__Problem requirements__
Starting at the line containing "INTEX Corona G" and ending at the line containing "Shavar flowers logo", print every line of the material below exactly, both ends included, and stop there.
── Provided information
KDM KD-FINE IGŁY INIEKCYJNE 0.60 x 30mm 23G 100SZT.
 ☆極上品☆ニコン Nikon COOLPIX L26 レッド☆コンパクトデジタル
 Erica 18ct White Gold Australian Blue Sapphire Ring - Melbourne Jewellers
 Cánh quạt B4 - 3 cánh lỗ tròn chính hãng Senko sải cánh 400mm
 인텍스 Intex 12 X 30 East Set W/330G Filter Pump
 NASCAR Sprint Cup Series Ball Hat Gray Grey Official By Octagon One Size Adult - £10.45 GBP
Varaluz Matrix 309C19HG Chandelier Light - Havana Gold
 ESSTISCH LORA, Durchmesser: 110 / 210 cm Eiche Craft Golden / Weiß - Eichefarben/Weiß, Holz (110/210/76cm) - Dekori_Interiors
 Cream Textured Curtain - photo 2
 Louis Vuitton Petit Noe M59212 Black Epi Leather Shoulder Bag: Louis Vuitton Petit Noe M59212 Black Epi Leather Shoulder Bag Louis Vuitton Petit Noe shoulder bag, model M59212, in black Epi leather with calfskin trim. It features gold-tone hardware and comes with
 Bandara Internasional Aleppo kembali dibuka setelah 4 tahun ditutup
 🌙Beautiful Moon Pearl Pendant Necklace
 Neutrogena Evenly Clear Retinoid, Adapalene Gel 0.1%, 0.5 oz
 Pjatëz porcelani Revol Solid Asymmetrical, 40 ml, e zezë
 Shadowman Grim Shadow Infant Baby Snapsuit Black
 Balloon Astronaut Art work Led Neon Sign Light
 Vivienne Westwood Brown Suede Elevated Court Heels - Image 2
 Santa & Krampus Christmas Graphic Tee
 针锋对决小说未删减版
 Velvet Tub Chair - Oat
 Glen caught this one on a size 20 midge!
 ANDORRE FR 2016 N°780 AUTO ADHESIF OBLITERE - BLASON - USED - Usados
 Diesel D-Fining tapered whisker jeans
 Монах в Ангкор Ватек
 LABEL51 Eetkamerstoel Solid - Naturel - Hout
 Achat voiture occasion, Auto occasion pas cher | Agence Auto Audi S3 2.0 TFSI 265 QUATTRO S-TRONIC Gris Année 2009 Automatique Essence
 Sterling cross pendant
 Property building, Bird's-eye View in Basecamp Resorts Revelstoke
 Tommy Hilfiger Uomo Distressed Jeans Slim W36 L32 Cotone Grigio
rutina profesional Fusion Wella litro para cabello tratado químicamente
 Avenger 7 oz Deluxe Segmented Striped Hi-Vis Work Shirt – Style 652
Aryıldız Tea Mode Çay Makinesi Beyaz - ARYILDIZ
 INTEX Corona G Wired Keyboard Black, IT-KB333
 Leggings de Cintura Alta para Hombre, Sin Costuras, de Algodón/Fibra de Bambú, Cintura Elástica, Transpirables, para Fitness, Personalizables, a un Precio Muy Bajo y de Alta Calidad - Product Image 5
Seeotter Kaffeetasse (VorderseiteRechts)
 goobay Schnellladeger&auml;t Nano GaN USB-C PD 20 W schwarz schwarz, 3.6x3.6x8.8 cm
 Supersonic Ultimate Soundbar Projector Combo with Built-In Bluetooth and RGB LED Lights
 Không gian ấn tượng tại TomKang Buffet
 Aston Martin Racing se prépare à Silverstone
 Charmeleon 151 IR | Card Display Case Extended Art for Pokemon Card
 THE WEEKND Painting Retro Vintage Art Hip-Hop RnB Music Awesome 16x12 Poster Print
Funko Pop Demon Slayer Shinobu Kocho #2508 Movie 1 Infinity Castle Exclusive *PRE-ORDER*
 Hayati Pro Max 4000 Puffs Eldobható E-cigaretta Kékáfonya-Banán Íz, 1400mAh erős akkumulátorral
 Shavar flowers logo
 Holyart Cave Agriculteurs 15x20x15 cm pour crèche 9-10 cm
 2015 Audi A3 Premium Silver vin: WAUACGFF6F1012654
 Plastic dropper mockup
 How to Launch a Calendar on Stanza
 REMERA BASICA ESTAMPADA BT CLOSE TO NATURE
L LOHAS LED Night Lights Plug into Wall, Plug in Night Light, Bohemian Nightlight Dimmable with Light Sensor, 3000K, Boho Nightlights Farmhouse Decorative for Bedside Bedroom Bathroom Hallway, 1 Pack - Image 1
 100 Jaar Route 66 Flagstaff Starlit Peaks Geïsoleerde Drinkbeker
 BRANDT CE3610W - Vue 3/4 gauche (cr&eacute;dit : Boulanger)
────
__Exercise solution__
 INTEX Corona G Wired Keyboard Black, IT-KB333
 Leggings de Cintura Alta para Hombre, Sin Costuras, de Algodón/Fibra de Bambú, Cintura Elástica, Transpirables, para Fitness, Personalizables, a un Precio Muy Bajo y de Alta Calidad - Product Image 5
Seeotter Kaffeetasse (VorderseiteRechts)
 goobay Schnellladeger&auml;t Nano GaN USB-C PD 20 W schwarz schwarz, 3.6x3.6x8.8 cm
 Supersonic Ultimate Soundbar Projector Combo with Built-In Bluetooth and RGB LED Lights
 Không gian ấn tượng tại TomKang Buffet
 Aston Martin Racing se prépare à Silverstone
 Charmeleon 151 IR | Card Display Case Extended Art for Pokemon Card
 THE WEEKND Painting Retro Vintage Art Hip-Hop RnB Music Awesome 16x12 Poster Print
Funko Pop Demon Slayer Shinobu Kocho #2508 Movie 1 Infinity Castle Exclusive *PRE-ORDER*
 Hayati Pro Max 4000 Puffs Eldobható E-cigaretta Kékáfonya-Banán Íz, 1400mAh erős akkumulátorral
 Shavar flowers logo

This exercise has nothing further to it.